HOW TO COMPLETE THIS TASK →
Only the lines of the data below from the one with "Staré město, přístav" through the one with "15 ember, aki" are wanted. Repeat them exactly.

DATA FOR THIS EXERCISE →
+---+
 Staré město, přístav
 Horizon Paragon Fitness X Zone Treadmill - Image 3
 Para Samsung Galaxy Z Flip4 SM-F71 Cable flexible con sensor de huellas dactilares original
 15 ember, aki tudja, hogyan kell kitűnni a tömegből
+---+
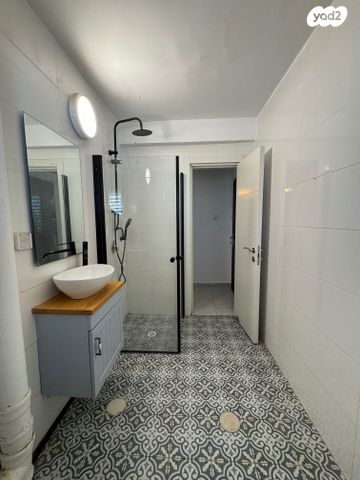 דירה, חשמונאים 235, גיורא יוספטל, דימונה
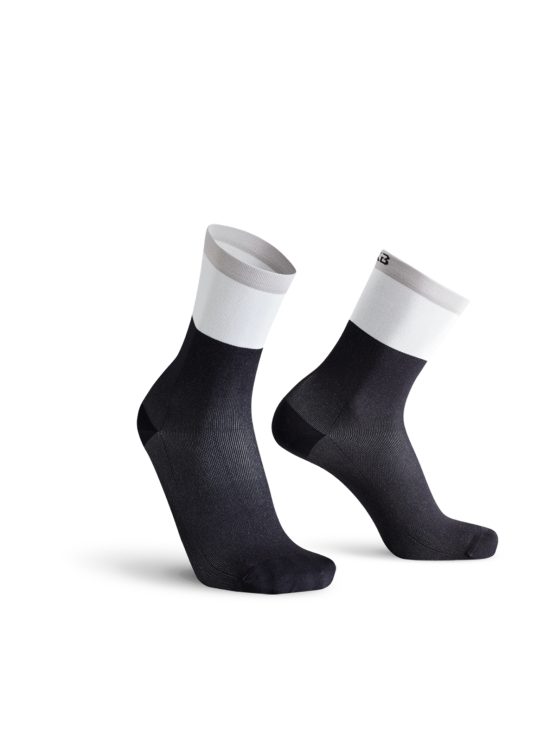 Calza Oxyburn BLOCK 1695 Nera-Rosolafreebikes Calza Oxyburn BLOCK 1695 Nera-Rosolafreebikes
+---+
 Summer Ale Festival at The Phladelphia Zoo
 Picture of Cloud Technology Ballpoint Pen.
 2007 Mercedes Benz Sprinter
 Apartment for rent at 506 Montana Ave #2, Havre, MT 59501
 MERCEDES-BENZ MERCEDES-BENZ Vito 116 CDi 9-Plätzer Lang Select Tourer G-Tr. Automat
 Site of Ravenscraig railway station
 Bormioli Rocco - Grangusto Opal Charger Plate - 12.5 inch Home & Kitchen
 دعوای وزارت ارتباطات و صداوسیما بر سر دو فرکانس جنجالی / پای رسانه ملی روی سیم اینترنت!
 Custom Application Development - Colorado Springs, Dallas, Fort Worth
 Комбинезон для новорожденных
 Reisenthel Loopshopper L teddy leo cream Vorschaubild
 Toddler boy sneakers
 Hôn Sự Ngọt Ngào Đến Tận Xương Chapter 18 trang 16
+---+
EXERCISE RESPONSE →
 Staré město, přístav
 Horizon Paragon Fitness X Zone Treadmill - Image 3
 Para Samsung Galaxy Z Flip4 SM-F71 Cable flexible con sensor de huellas dactilares original
 15 ember, aki tudja, hogyan kell kitűnni a tömegből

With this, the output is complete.